PROVIDED MATERIAL:
········

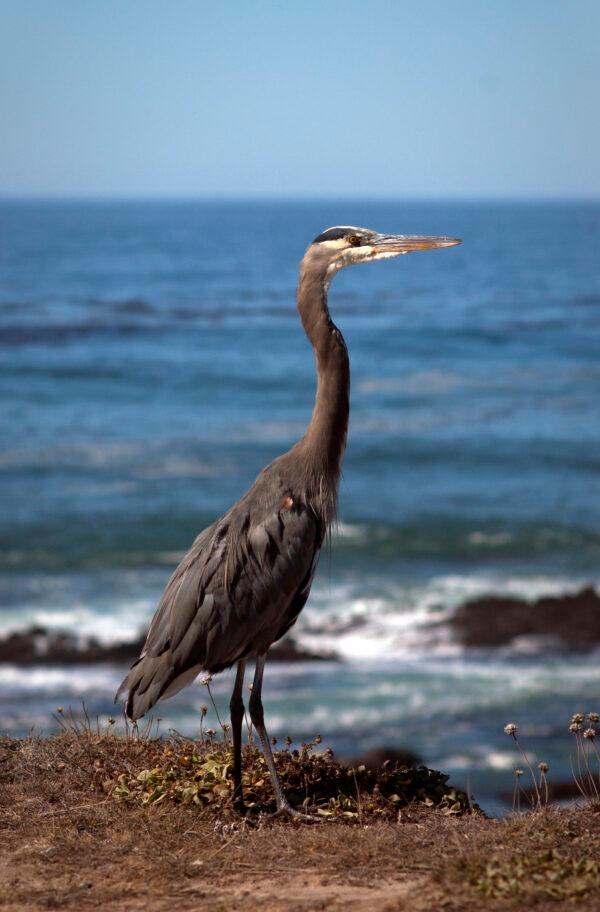 (Jeff Perkin for American Essence)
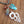 Load image into Gallery viewer, Amazonite Shell Short Necklace
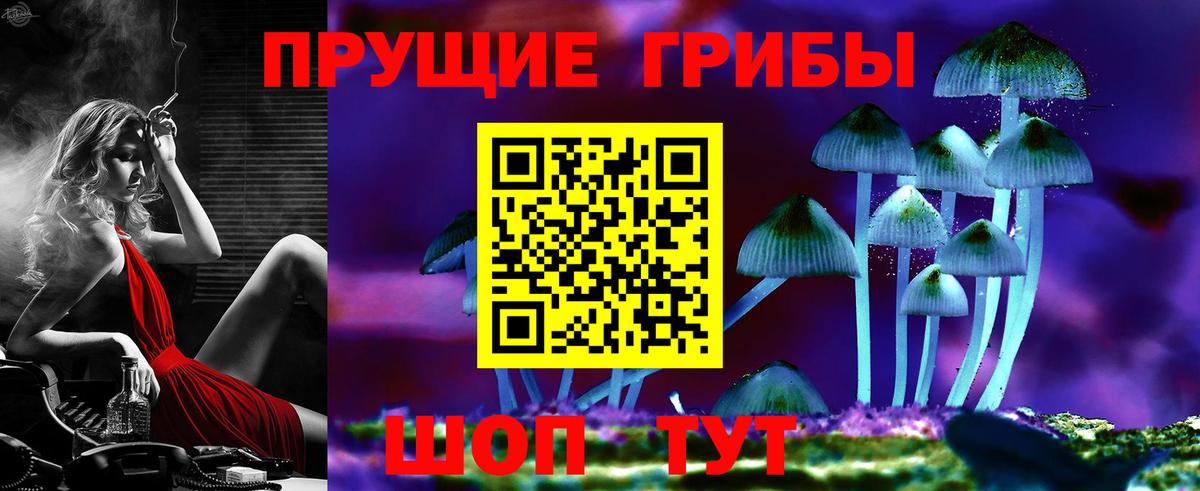 Галлюциногенные грибы прущие грибы  Вход с VPN  Звенигород  Псилоцибиновые грибы мухоморы 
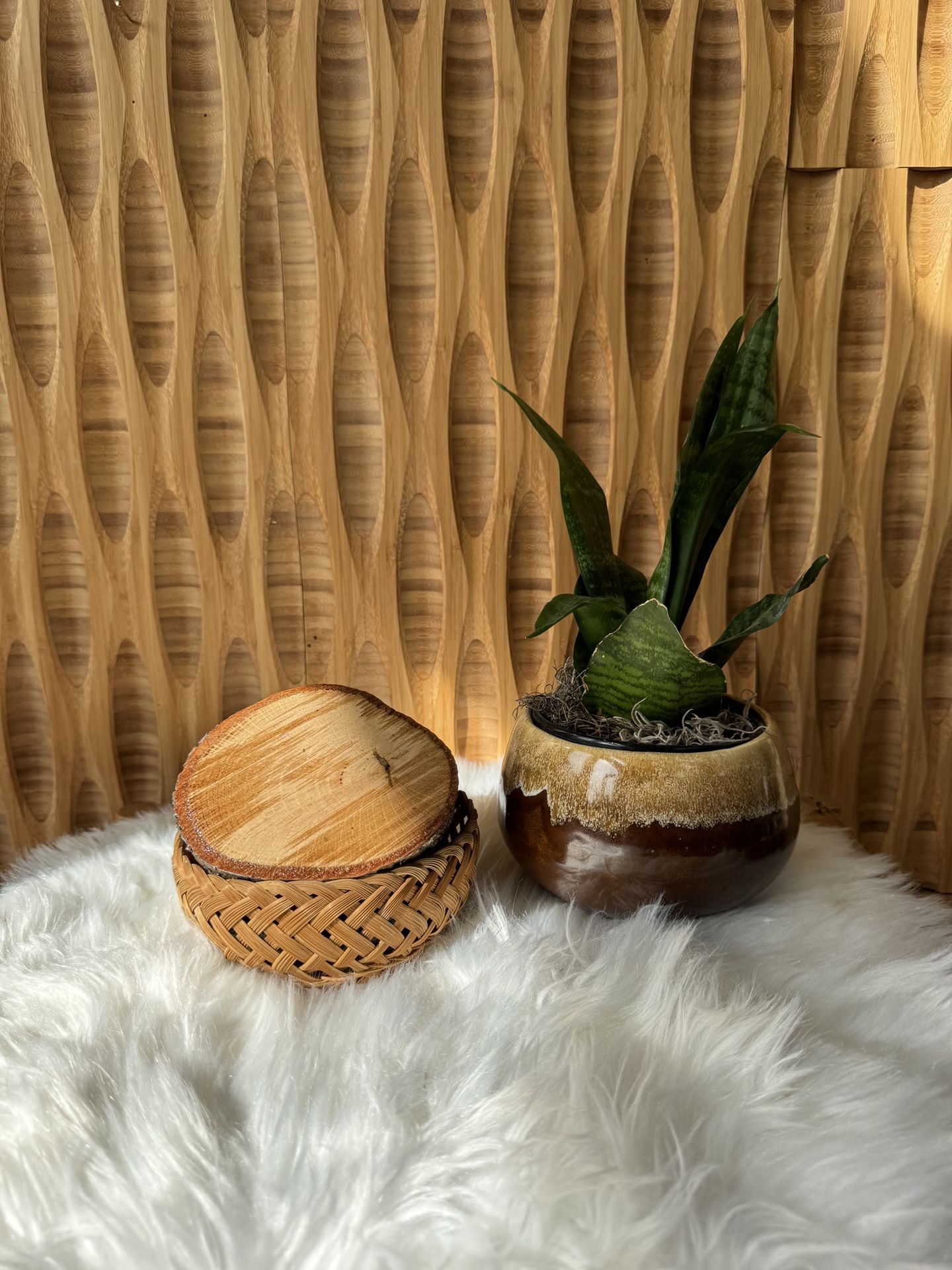 Wood Slice Decorative Drink Plant Coasters Set of 4 Boho Cottage Cabin Rustic Oversized Display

········

WHAT THE TASK ASKS:
Return the listing verbatim, pictures omitted.

ANSWER TO THIS PROBLEM:
 (Jeff Perkin for American Essence)
 Load image into Gallery viewer, Amazonite Shell Short Necklace
 Галлюциногенные грибы прущие грибы  Вход с VPN  Звенигород  Псилоцибиновые грибы мухоморы 
 Wood Slice Decorative Drink Plant Coasters Set of 4 Boho Cottage Cabin Rustic Oversized Display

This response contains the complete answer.